Although the records contain pictures, print none of them; print exactly the lines from the one with "Torvosaurus t - rex Low-poly 3D model_2" through the last line.

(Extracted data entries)
<<<<

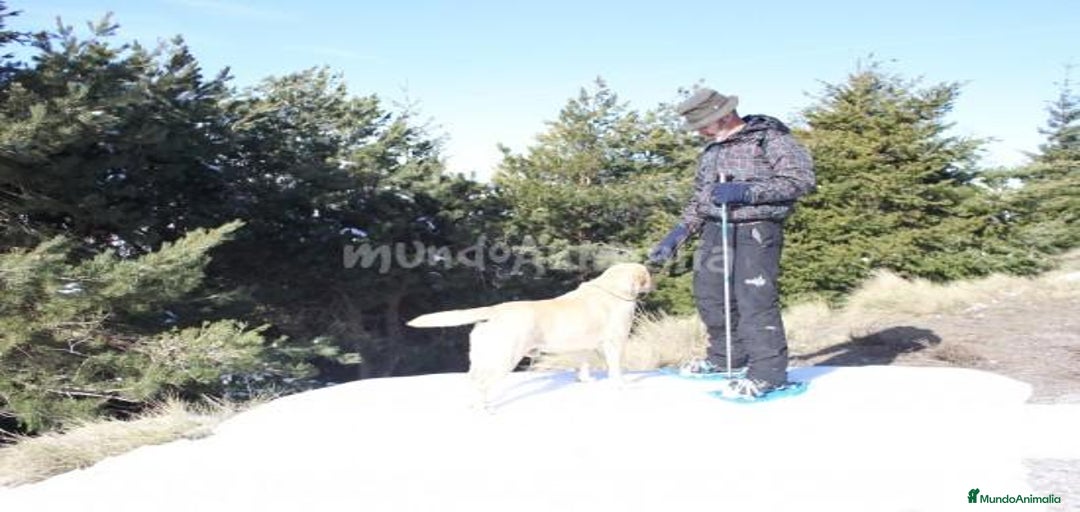 Imagen de galería {{count}}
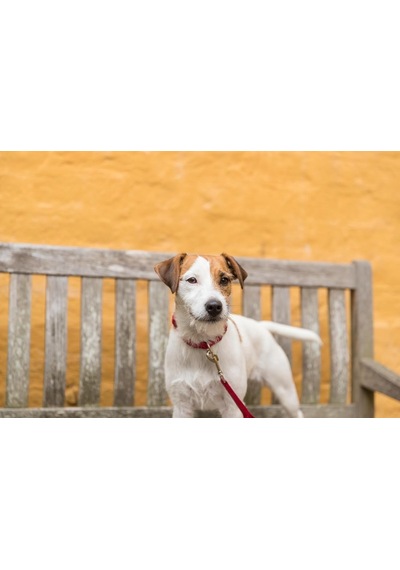 Trixie Köpek Premium Boyun Tasması M-l Kırmızı Genel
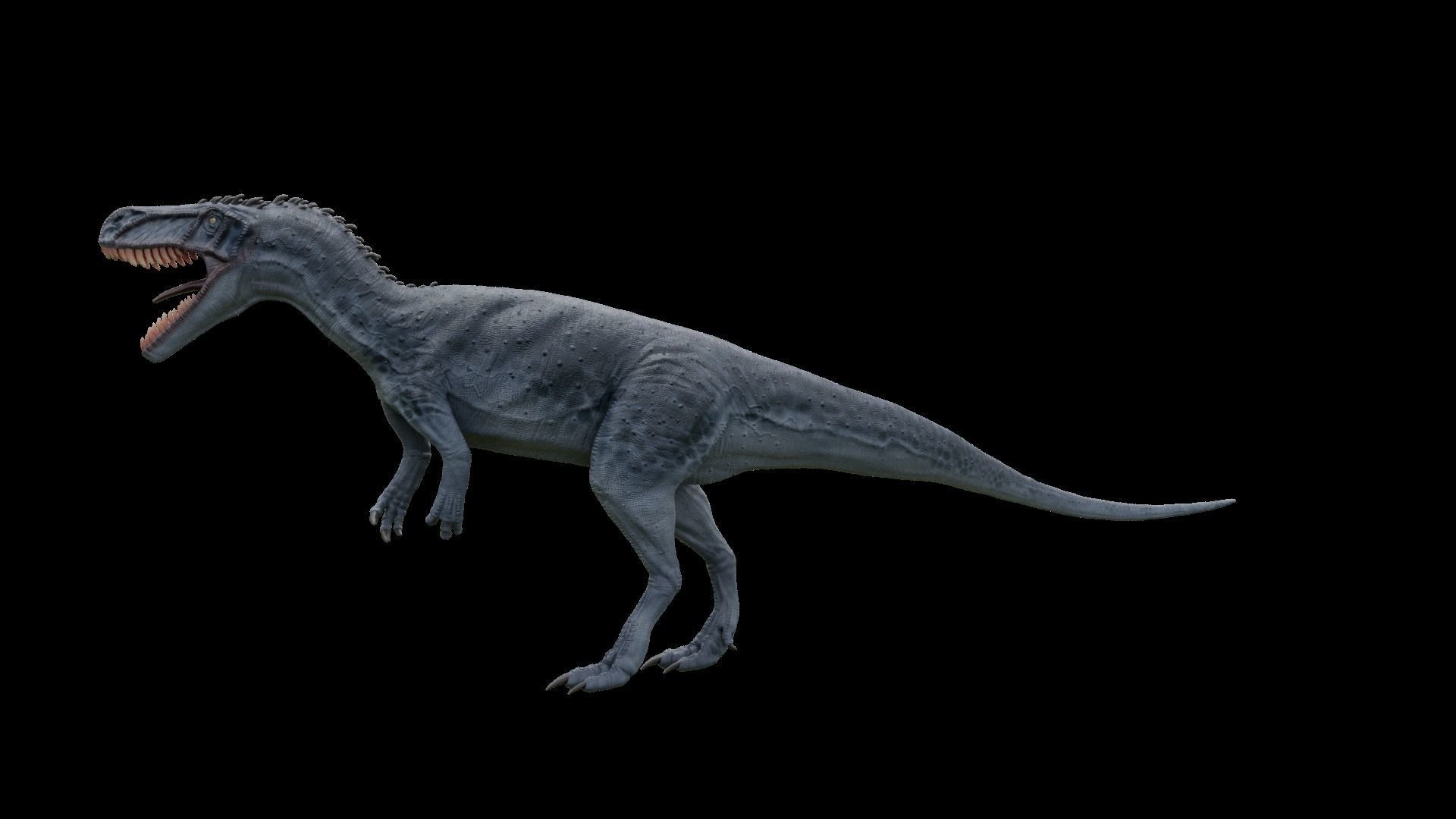 Torvosaurus t - rex Low-poly 3D model_2
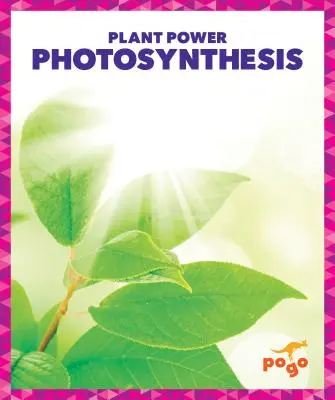 Fotosynteza - Photosynthesis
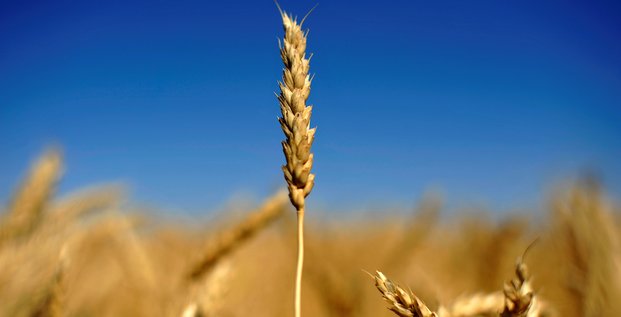 blé, agriculture, agroalimentaire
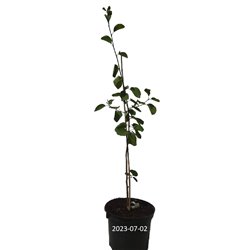 Serviceberry - Amelanchier alnifolia SMOKY (Smokey)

>>>>

Expected answer =>
 Torvosaurus t - rex Low-poly 3D model_2
 Fotosynteza - Photosynthesis
 blé, agriculture, agroalimentaire
 Serviceberry - Amelanchier alnifolia SMOKY (Smokey)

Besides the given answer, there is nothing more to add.